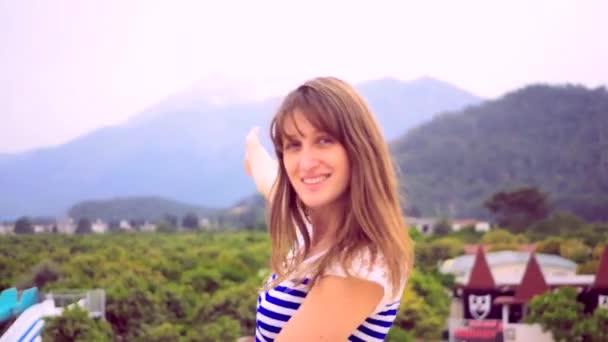 Mujer hermosa feliz mirando una vista increíble en la terraza — Vídeo de stock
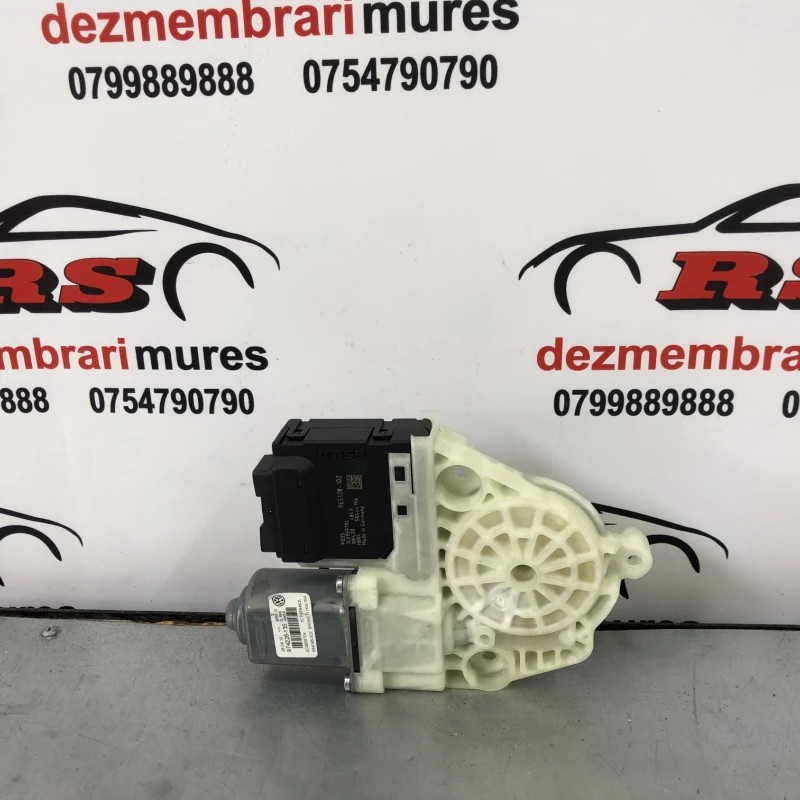Motoras geam dreapta spate Volkswagen Passat B6 2010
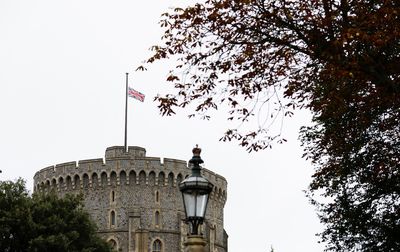 Royal mourning to last until seven days after queen's funeral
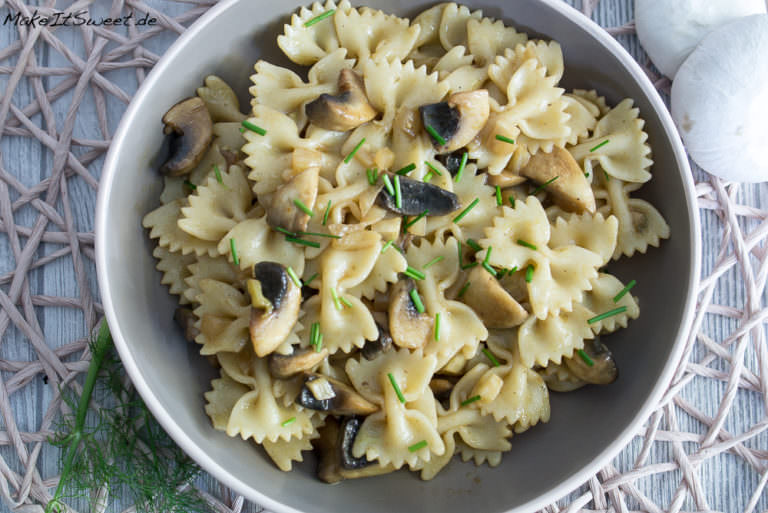 Einfacher Nudelsalat mit Champignons und Fenchel
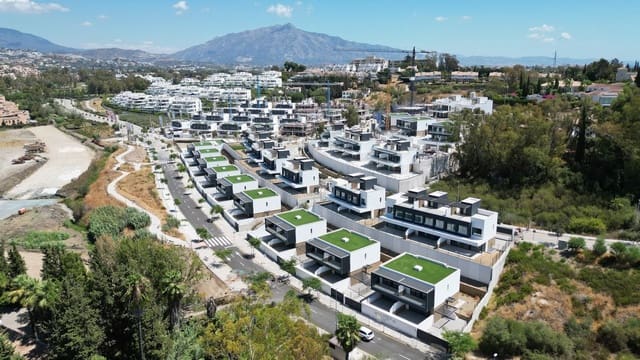 3 soverom Hus til salgs i Atalaya-Isdabe, Estepona med svømmebasseng - € 775 000 (Ref: 8722840)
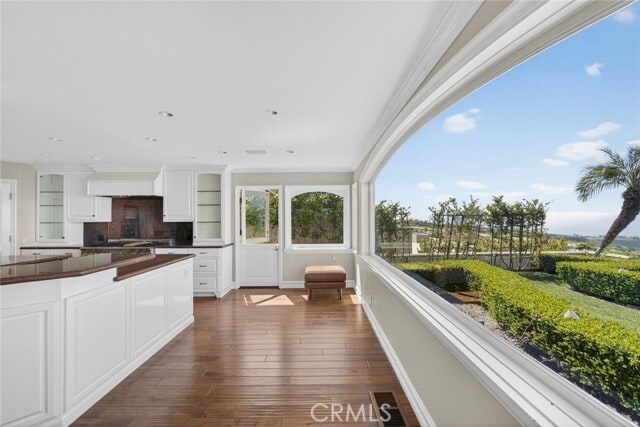 Building Photo - 49 Cambria Dr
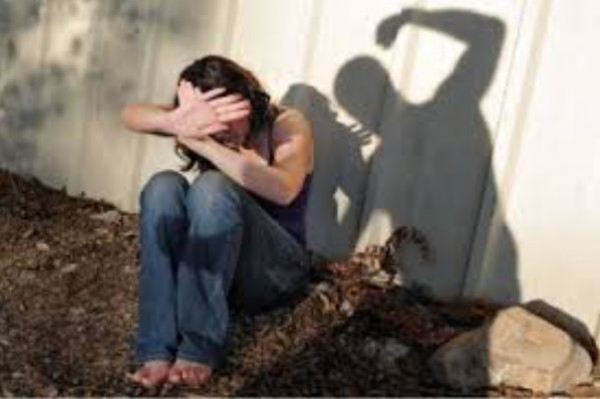 دبي: شابان يختطفان فتاة ويغتصبانها في سيارة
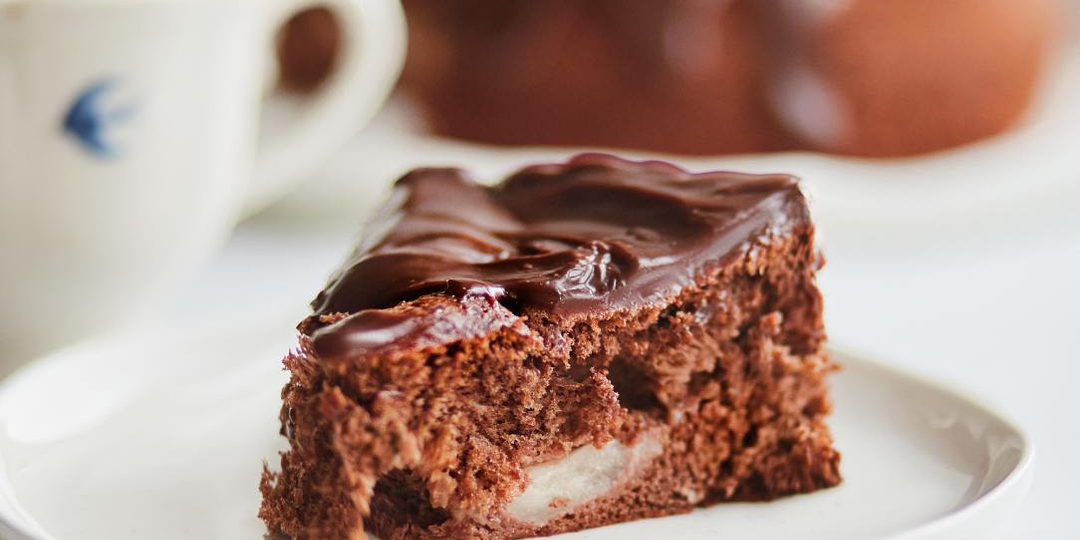 Свежесть яблока и терпкость шоколада: готовим необычную шарлотку за 5 шагов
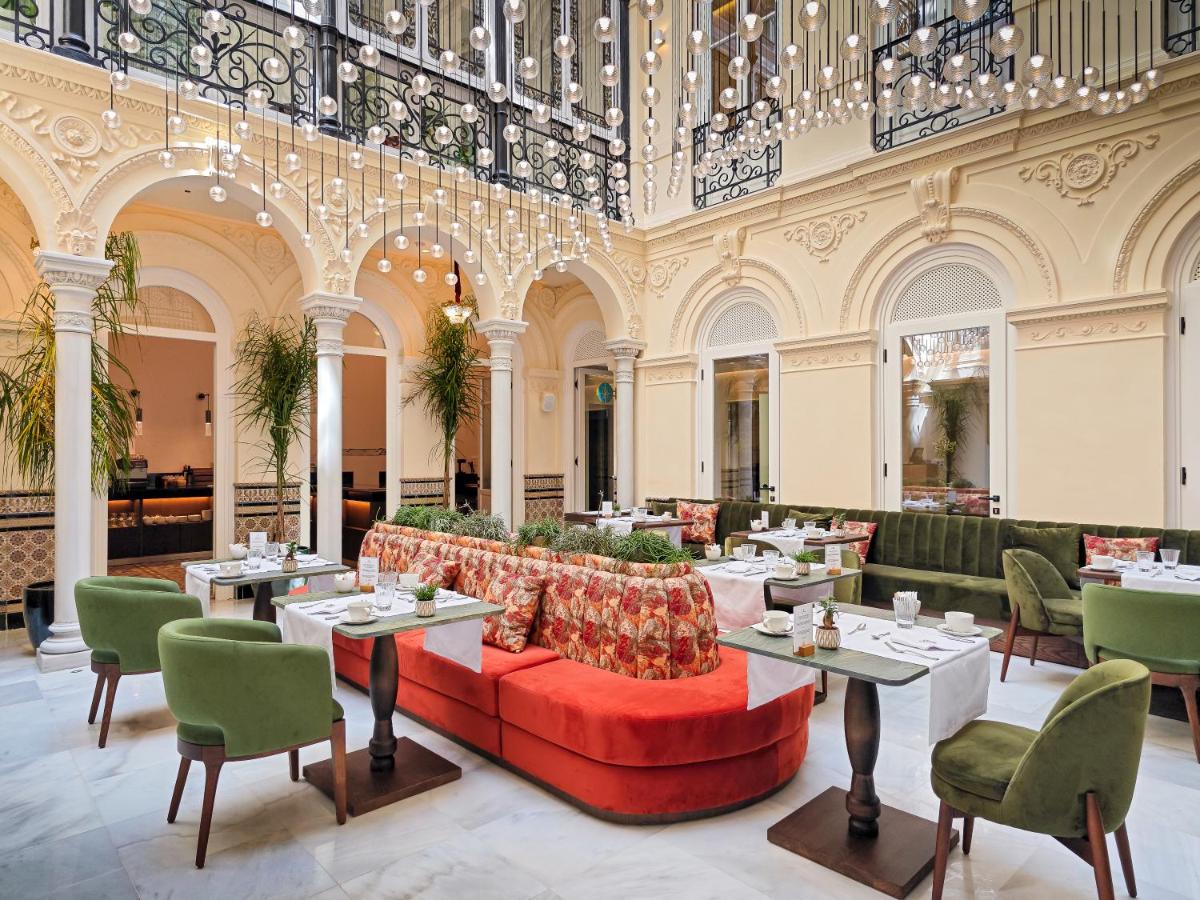 Zona de estar de Palacio Gran Vía, a Royal Hideaway Hotel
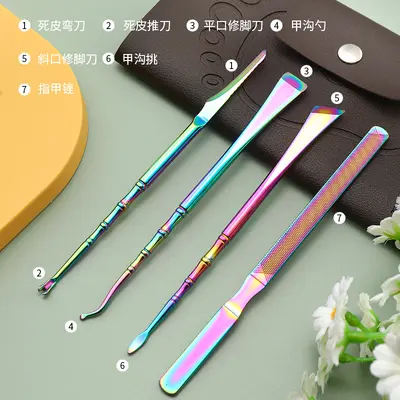 Titanyum pedikür bıçak seti, renkli, 7 parça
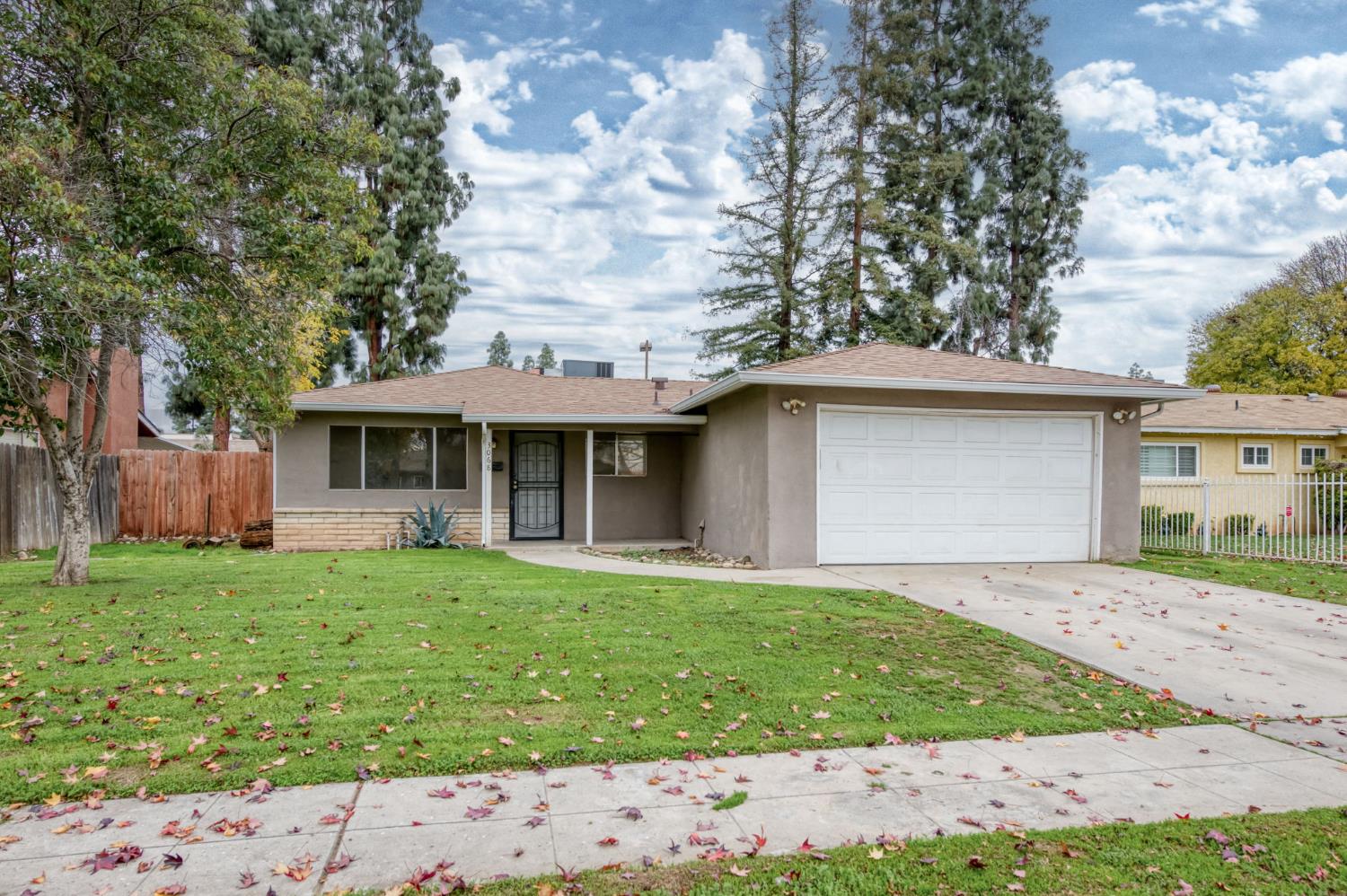 3068 W Fairmont Ave, Fresno, CA 93722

-*-*-

An exact copy of the records above is needed, with the pictures removed.

OUTPUT OF THE EXERCISE:
 Mujer hermosa feliz mirando una vista increíble en la terraza — Vídeo de stock
Motoras geam dreapta spate Volkswagen Passat B6 2010
 Royal mourning to last until seven days after queen's funeral
 Einfacher Nudelsalat mit Champignons und Fenchel
 3 soverom Hus til salgs i Atalaya-Isdabe, Estepona med svømmebasseng - € 775 000 (Ref: 8722840)
 Building Photo - 49 Cambria Dr
 دبي: شابان يختطفان فتاة ويغتصبانها في سيارة
 Свежесть яблока и терпкость шоколада: готовим необычную шарлотку за 5 шагов
 Zona de estar de Palacio Gran Vía, a Royal Hideaway Hotel
 Titanyum pedikür bıçak seti, renkli, 7 parça
 3068 W Fairmont Ave, Fresno, CA 93722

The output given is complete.